While lawyers at the SC chanted “Jai Shri Ram”, Chief Justice Ranjan Gogoi threw a dinner for his colleagues that night at the Taj Mansingh in Delhi. A senior leader of the BJP, LK Advani — who had led the initial mob to desecrate the Babri Masjid in 1992, which in its aftermath had triggered one of the bloodiest anti-Muslim pogroms in the country — hailed the decision a victory of justice. “I stand vindicated, and feel deeply blessed, that the SC has given its unanimous verdict paving the way for the construction of a magnificent temple for Lord Ram at Ramjanmabhoomi in Ayodhya,” he said. For the rest of the right-wing nationalists, the decision had wrapped up a conflict dating almost a century.
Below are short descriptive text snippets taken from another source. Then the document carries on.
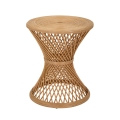 Rundt lavt bord i rattan 56x48x48 cm boho chic stil Teyra Kampagne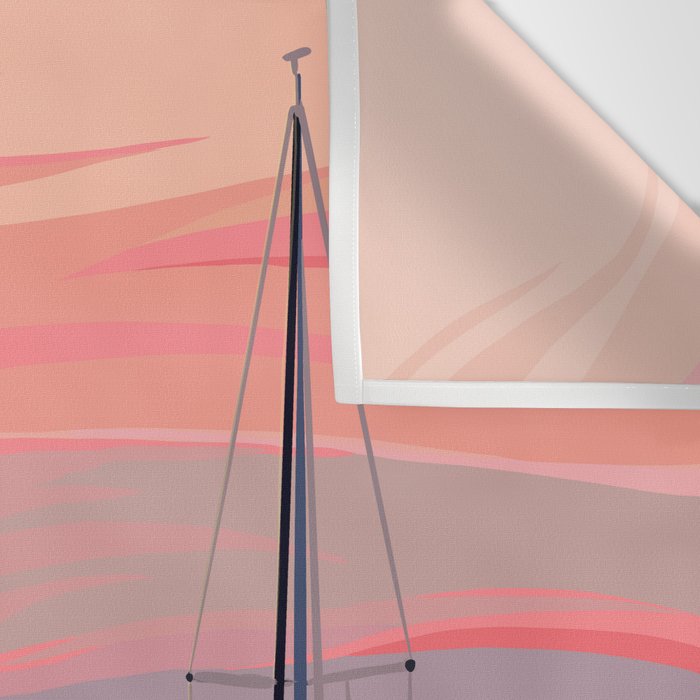 Smooth Sailboat Sunset Wall Tapestry Gallery Image 3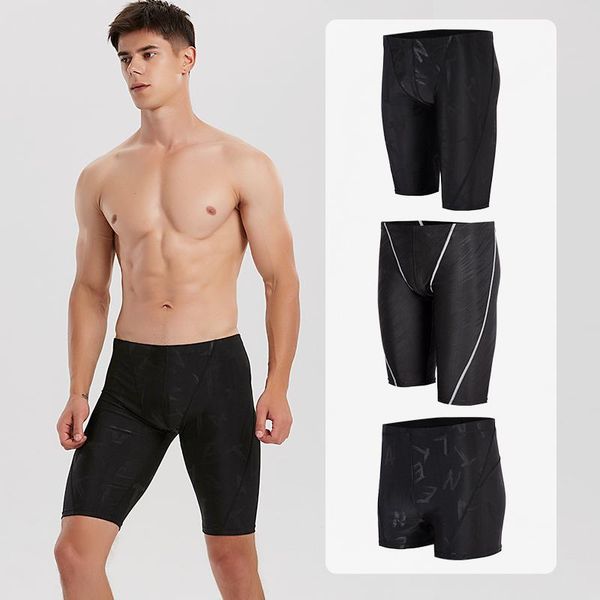 

summer men swimsuit boys boxer shorts swim trunks beach swimming surfing suits waterproof print rash guards diving set men's swimwear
But for some, the verdict has made a mockery of justice, especially for those who had witnessed the mob, on December 6, 1992, led by Advani along with other BJP stalwarts including Uma Bharati, instigating the crowd to pull down the 16th century mosque. Rioters marched through Ayodhya’s streets and raped hundreds of Muslim women as part of anti-Muslim riots. From there on, Muslims in India became outsiders and invaders. Later what happened in Gujarat in 2002 under the command of Modi as the chief minister was simply an extension of the hatred that Golwalkar and Advani had institutionalised way back in 1939 and 1992, respectively.

The celebrations of the so-called justice which exonerated the perpetrators of the violence that claimed more than 1,000 Muslim lives is, in fact, a reflection of India’s march towards illiberal democracy and an about-turn from its secular stance. It is no more Gandhi’s India; it is Golwalkar’s India, which the RSS-led BJP is striving to build.

If in Kashmir, Muslims have been thrown into a limbo, elsewhere they are being stripped of their right to dignity with a blatant message wrapped in the Babri Masjid verdict that henceforth the decision about their faith and its sanctity would be decided by the majority that unfortunately comprises right-wing supremacists.

This hatred veiled in the ambitious project to turn India into a Hindu state has set off alarm bells among leading intellectuals from India. Amartya Sen, a Nobel Prize-winning economist told The New Yorker magazine, “People are afraid. I have never seen this before.” He added that his friends were reluctant to talk to him on the phone. Perturbed by the judiciary’s increasingly compromised position, Pratap Bhanu Mehta, an eminent Indian academic, has opined, “The noose is tightening around all independent institutions in India.”

Though the West sounds apprehensive of India’s treatment towards Muslims, they lack the courage to put a spotlight on the dark side of Modi’s India which has become a threat to the minorities and the very idea of democracy.

What else but India’s 1.3 billion-strong market could explain this waning courage.

Published in The Express Tribune, November 14th, 2019.